Output every line from the beginning of the records through the line that contains "Ethiopia - INSECTS-STORE.RU", exactly as it appears.

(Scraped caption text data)
══════════════════════════════

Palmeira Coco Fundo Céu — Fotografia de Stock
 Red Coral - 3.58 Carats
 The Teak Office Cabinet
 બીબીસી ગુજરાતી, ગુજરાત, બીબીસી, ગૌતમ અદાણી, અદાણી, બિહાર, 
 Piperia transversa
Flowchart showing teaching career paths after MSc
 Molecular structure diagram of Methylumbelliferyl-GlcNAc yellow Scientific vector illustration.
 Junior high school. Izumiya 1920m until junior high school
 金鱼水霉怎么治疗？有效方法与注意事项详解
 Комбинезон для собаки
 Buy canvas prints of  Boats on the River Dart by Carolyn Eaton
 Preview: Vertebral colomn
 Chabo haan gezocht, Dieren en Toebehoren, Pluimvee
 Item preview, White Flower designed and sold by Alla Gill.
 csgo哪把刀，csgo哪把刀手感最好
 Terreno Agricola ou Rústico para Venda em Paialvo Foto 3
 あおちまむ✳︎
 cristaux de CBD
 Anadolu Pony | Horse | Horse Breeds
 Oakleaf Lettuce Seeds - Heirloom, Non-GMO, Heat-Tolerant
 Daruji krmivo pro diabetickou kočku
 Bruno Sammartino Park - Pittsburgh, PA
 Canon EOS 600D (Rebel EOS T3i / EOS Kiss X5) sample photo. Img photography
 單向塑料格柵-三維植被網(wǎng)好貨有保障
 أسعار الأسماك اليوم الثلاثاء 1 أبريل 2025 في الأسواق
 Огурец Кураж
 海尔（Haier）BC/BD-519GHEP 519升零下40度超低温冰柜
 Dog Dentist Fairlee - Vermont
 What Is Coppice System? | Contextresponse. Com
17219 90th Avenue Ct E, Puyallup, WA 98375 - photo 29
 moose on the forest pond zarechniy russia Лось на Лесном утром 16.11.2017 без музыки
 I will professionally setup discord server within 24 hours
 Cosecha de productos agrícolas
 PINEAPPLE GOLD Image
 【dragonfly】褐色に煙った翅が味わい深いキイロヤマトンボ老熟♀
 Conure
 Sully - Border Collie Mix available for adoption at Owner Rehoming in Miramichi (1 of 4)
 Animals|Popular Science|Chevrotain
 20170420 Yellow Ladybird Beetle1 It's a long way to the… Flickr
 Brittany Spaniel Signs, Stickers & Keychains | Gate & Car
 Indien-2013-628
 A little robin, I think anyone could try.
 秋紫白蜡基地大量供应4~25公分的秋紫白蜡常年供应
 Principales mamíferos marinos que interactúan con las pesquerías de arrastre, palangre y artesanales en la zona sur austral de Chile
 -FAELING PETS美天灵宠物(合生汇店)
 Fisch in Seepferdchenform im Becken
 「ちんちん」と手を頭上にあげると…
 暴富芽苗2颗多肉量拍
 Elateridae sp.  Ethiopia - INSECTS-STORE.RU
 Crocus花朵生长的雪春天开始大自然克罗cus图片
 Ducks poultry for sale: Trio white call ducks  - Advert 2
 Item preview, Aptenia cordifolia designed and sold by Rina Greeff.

══════════════════════════════

- Task result
Palmeira Coco Fundo Céu — Fotografia de Stock
 Red Coral - 3.58 Carats
 The Teak Office Cabinet
 બીબીસી ગુજરાતી, ગુજરાત, બીબીસી, ગૌતમ અદાણી, અદાણી, બિહાર, 
 Piperia transversa
Flowchart showing teaching career paths after MSc
 Molecular structure diagram of Methylumbelliferyl-GlcNAc yellow Scientific vector illustration.
 Junior high school. Izumiya 1920m until junior high school
 金鱼水霉怎么治疗？有效方法与注意事项详解
 Комбинезон для собаки
 Buy canvas prints of  Boats on the River Dart by Carolyn Eaton
 Preview: Vertebral colomn
 Chabo haan gezocht, Dieren en Toebehoren, Pluimvee
 Item preview, White Flower designed and sold by Alla Gill.
 csgo哪把刀，csgo哪把刀手感最好
 Terreno Agricola ou Rústico para Venda em Paialvo Foto 3
 あおちまむ✳︎
 cristaux de CBD
 Anadolu Pony | Horse | Horse Breeds
 Oakleaf Lettuce Seeds - Heirloom, Non-GMO, Heat-Tolerant
 Daruji krmivo pro diabetickou kočku
 Bruno Sammartino Park - Pittsburgh, PA
 Canon EOS 600D (Rebel EOS T3i / EOS Kiss X5) sample photo. Img photography
 單向塑料格柵-三維植被網(wǎng)好貨有保障
 أسعار الأسماك اليوم الثلاثاء 1 أبريل 2025 في الأسواق
 Огурец Кураж
 海尔（Haier）BC/BD-519GHEP 519升零下40度超低温冰柜
 Dog Dentist Fairlee - Vermont
 What Is Coppice System? | Contextresponse. Com
17219 90th Avenue Ct E, Puyallup, WA 98375 - photo 29
 moose on the forest pond zarechniy russia Лось на Лесном утром 16.11.2017 без музыки
 I will professionally setup discord server within 24 hours
 Cosecha de productos agrícolas
 PINEAPPLE GOLD Image
 【dragonfly】褐色に煙った翅が味わい深いキイロヤマトンボ老熟♀
 Conure
 Sully - Border Collie Mix available for adoption at Owner Rehoming in Miramichi (1 of 4)
 Animals|Popular Science|Chevrotain
 20170420 Yellow Ladybird Beetle1 It's a long way to the… Flickr
 Brittany Spaniel Signs, Stickers & Keychains | Gate & Car
 Indien-2013-628
 A little robin, I think anyone could try.
 秋紫白蜡基地大量供应4~25公分的秋紫白蜡常年供应
 Principales mamíferos marinos que interactúan con las pesquerías de arrastre, palangre y artesanales en la zona sur austral de Chile
 -FAELING PETS美天灵宠物(合生汇店)
 Fisch in Seepferdchenform im Becken
 「ちんちん」と手を頭上にあげると…
 暴富芽苗2颗多肉量拍
 Elateridae sp.  Ethiopia - INSECTS-STORE.RU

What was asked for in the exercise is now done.